◆ Data to process:
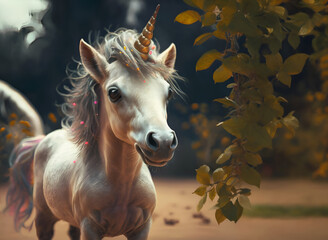 portrait of  Unicorn baby. Digital artwork. Ai generated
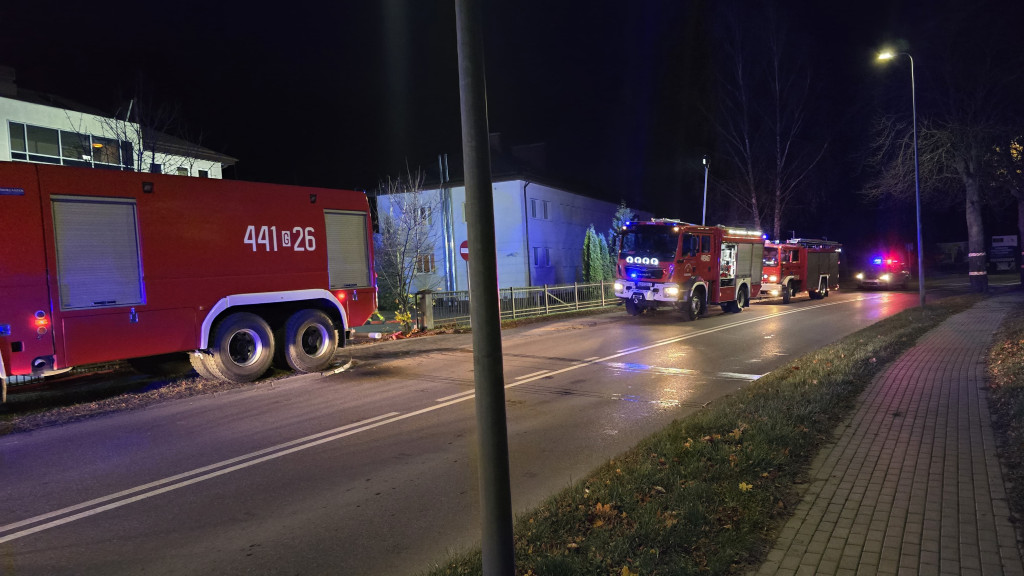 Pożar budynku Urzędu Skarbowego - akcja gaśnicza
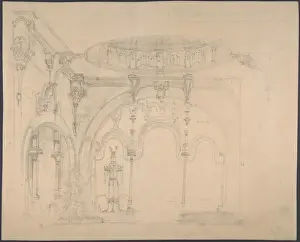 Oriental Interior Design Drucke: Stage Set Design Square Hall Rounded Archways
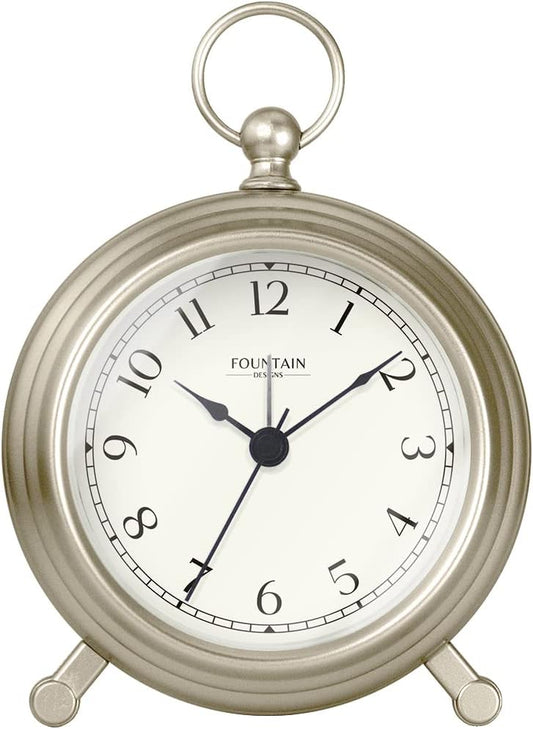 Jensen Pocket Watch Analog Alarm Clock for Bedroom,Silent Non Ticking, Wall & Mantel 2 in 1 Clock, Desk & Shelf Clock, Morning Silver Color Finish, 5.4"(H) x 4.5"(W)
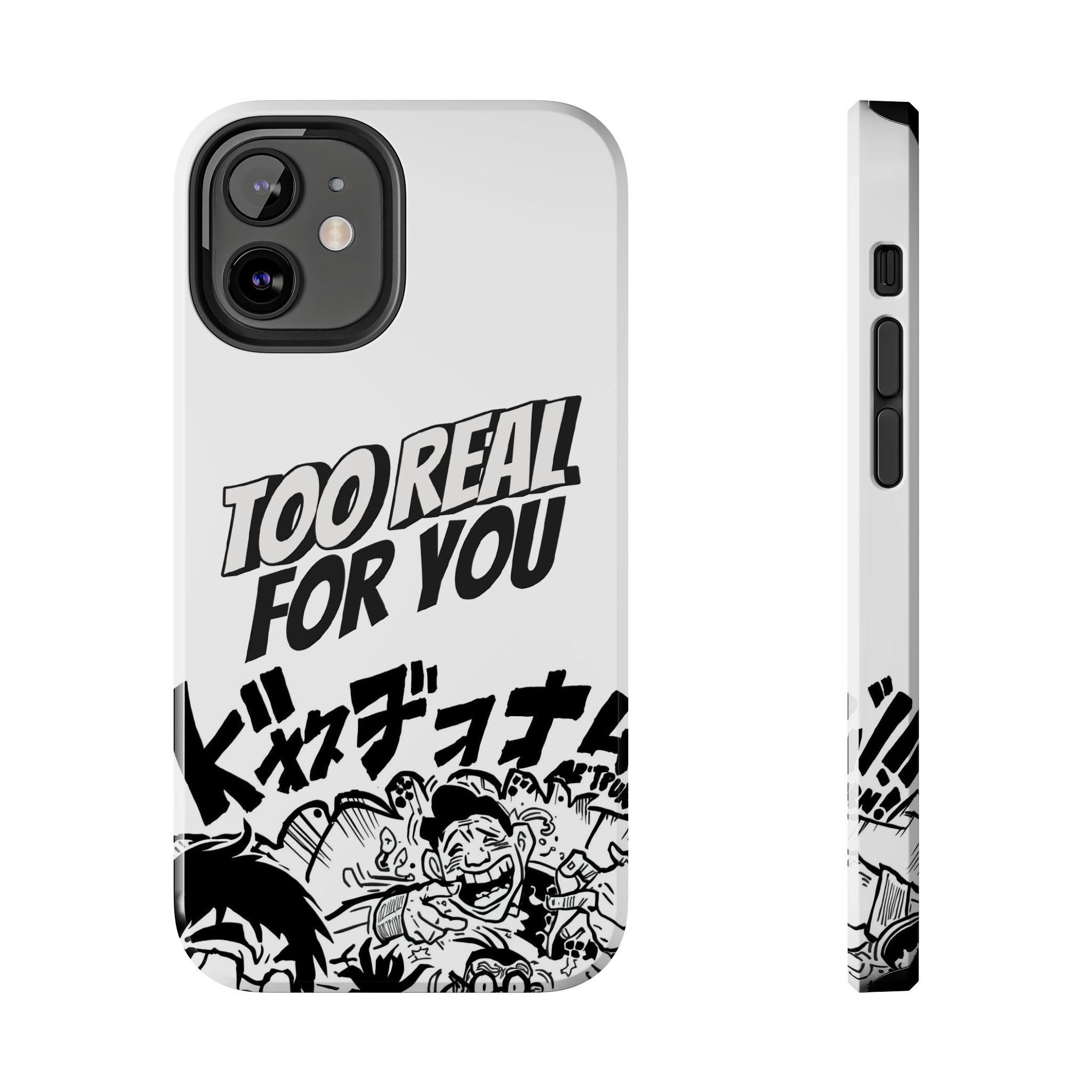 Too Real For You graphic phone case | Manga comic black white iPhone case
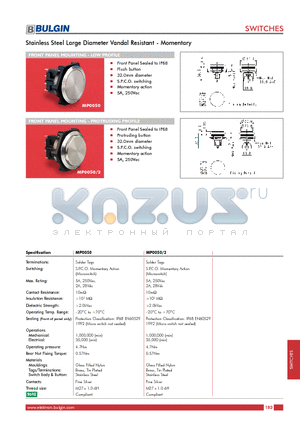 MP0050/2 datasheet - Stainless Steel Large Diameter Vandal Resistant - Momentary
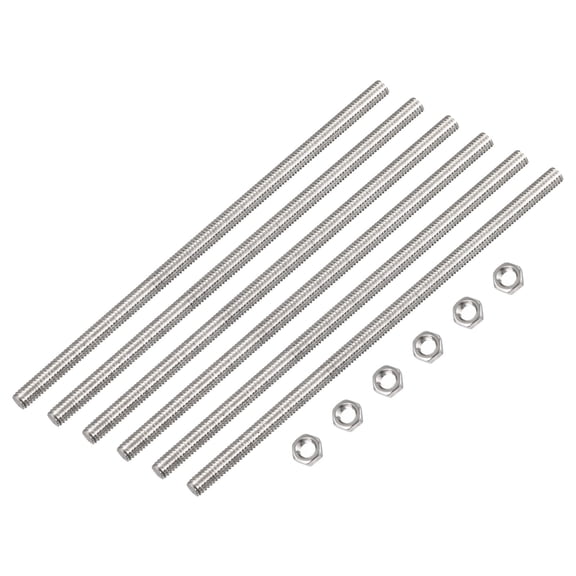 Uxcell 6Pack M4 x 250mm Fully Threaded Rod w 6Pack Hex Nuts, 0.7mm Pitch 304 Stainless Steel Right Hand Threaded Rod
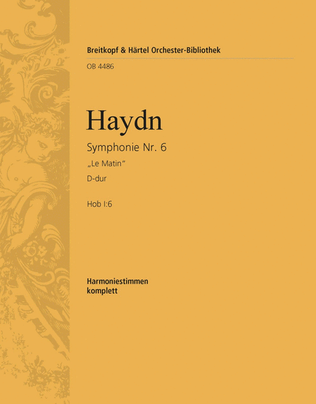 Book cover for Symphony No. 6 in D major Hob I:6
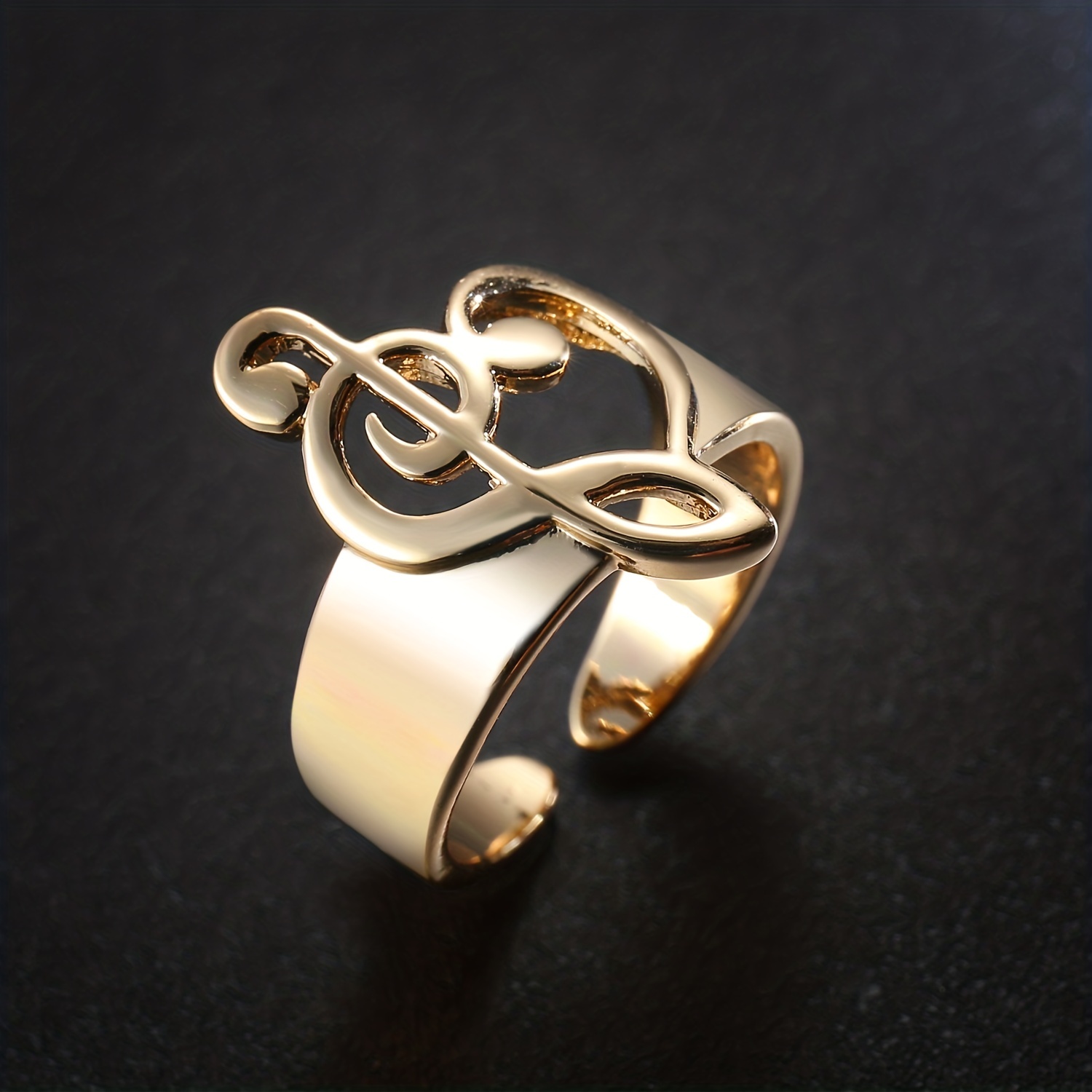 Music Note Adjustable Ring For Men Vintage Creative Men's Ring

◆ Work order:
Repeat only the lines between the start of the data and the line with "Uxcell 6Pack M4", including those two lines, and skip the pictures.

◆ Answer space:
 portrait of  Unicorn baby. Digital artwork. Ai generated
 Pożar budynku Urzędu Skarbowego - akcja gaśnicza
 Oriental Interior Design Drucke: Stage Set Design Square Hall Rounded Archways
 Jensen Pocket Watch Analog Alarm Clock for Bedroom,Silent Non Ticking, Wall & Mantel 2 in 1 Clock, Desk & Shelf Clock, Morning Silver Color Finish, 5.4"(H) x 4.5"(W)
 Too Real For You graphic phone case | Manga comic black white iPhone case
 MP0050/2 datasheet - Stainless Steel Large Diameter Vandal Resistant - Momentary
 Uxcell 6Pack M4 x 250mm Fully Threaded Rod w 6Pack Hex Nuts, 0.7mm Pitch 304 Stainless Steel Right Hand Threaded Rod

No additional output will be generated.